Культура «оптична»: всякая её форма, независимо от таких личных и пристрастных оценок этих форм, вроде «дурацкости», «суетности», «избыточности», «наивности», «вульгарности»… — может быть приспособлена для рассматривания чего-нибудь важного.
ְДИКОРОСЛЬ
(продолжение. Начало в № 11/2017 и сл.)
Голова года
А всё-таки настоящий праздник — первого января: праздник уединения и молчания.
(Не говоря уж о том, что настоящее прикосновение к основам существования — в общем-то, основной смысл праздника — не в этом ли только состоянии и происходит?)
Настоящий смысл праздника «нового года», — именно собственный, а не заимствованный им у Рождества (чудеса, исполнение желаний… — на что праздник смены календаря не имеет, строго говоря, никакого права) — уединение и молчание, тишина и безвременье: отпускаем один жизненный этап — пусть даже выделенный искусственно и умозрительно, как календарный год — и даём прийти новому. Не намолчимся, не науединяемся — старое не отпустит.

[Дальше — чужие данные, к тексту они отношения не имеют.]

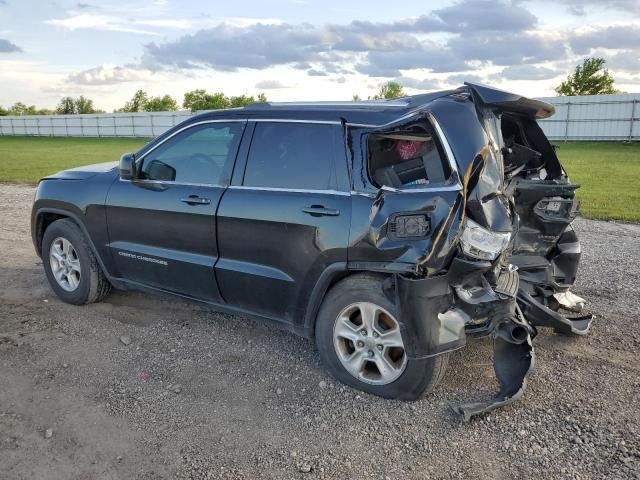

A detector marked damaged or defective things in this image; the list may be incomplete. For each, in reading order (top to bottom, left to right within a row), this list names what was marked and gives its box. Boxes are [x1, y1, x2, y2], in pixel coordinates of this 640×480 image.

severe rear collision damage [352, 83, 592, 420]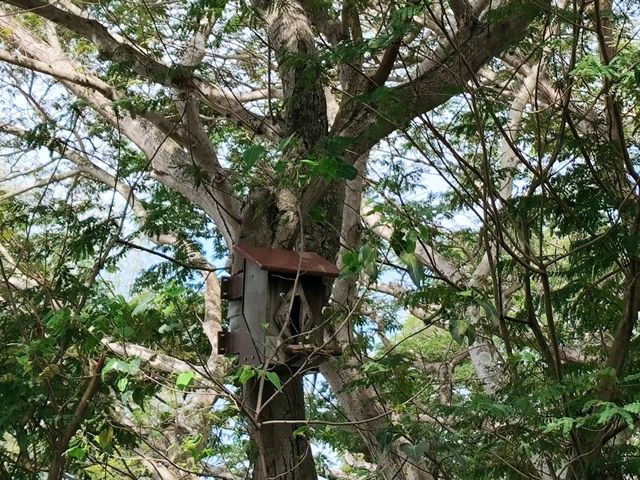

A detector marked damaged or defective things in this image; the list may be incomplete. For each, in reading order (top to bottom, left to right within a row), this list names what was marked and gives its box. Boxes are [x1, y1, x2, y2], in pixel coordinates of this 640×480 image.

rusty metal roof [234, 244, 340, 278]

Тут требуются (мне, по крайней мере, очень милы и насущны) как раз некоторые смыслы воздержания, аскезы.
Об оптичности
И, может быть, вся золотистая мишура и суета 31-го как раз затем хитроумной культурой и заведена, чтобы лучше можно было прочувствовать счастливое освобождение от всего этого.
Культура «оптична»: всякая её форма, независимо от таких личных и пристрастных оценок этих форм, вроде «дурацкости», «суетности», «избыточности», «наивности», «вульгарности»… — может быть приспособлена для рассматривания чего-нибудь важного.
Шлюзы
Год — дом, построенный (человеком себе) из материала времени. Сейчас мы переселяемся. Состояние большого переезда. Таскаем мебель.
Состояние, психологически очень важное, человек имеет в нём потребность — перепрыгнув из года в год сразу, он лишается чего-то существенного.
Переход, в некотором смысле, самоценен — и подразумевает «расцепление» со старым, растождествление с ним. Это, конечно, должно быть медленным — чтобы быть эффективным и нетравматичным. Постепенным, с ощупыванием и освоением промежуточных ступеней, с обязательной стадией пребывания в состоянии никуда-не-принадлежности, когда «ни там, ни там».
(Ритуалы, конечно — хоть бы и персональные, лучше всего — персональные — механизмы такого перевода себя из состояния в состояние. Шлюзы.)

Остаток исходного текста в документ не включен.